• [Your task] In the data below, one line contains "Tapis De Souris" and a later one contains "Mykolaiv, Ukranine - 06.29.2020.". Print both, with every line between them, exactly and alone.

• [Extracted records]
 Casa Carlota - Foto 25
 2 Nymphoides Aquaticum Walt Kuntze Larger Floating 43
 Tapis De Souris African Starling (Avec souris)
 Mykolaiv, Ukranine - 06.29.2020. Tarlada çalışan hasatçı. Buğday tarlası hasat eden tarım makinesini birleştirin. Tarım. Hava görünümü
* * *
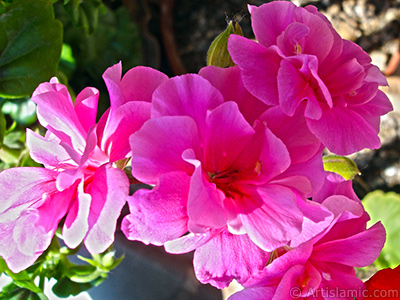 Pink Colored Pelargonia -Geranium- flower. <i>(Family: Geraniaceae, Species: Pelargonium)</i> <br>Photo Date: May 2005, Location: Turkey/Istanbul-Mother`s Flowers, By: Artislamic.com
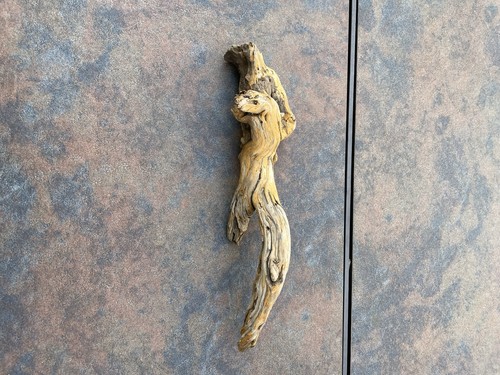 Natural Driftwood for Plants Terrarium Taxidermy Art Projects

• [The completed task]
 Tapis De Souris African Starling (Avec souris)
 Mykolaiv, Ukranine - 06.29.2020. Tarlada çalışan hasatçı. Buğday tarlası hasat eden tarım makinesini birleştirin. Tarım. Hava görünümü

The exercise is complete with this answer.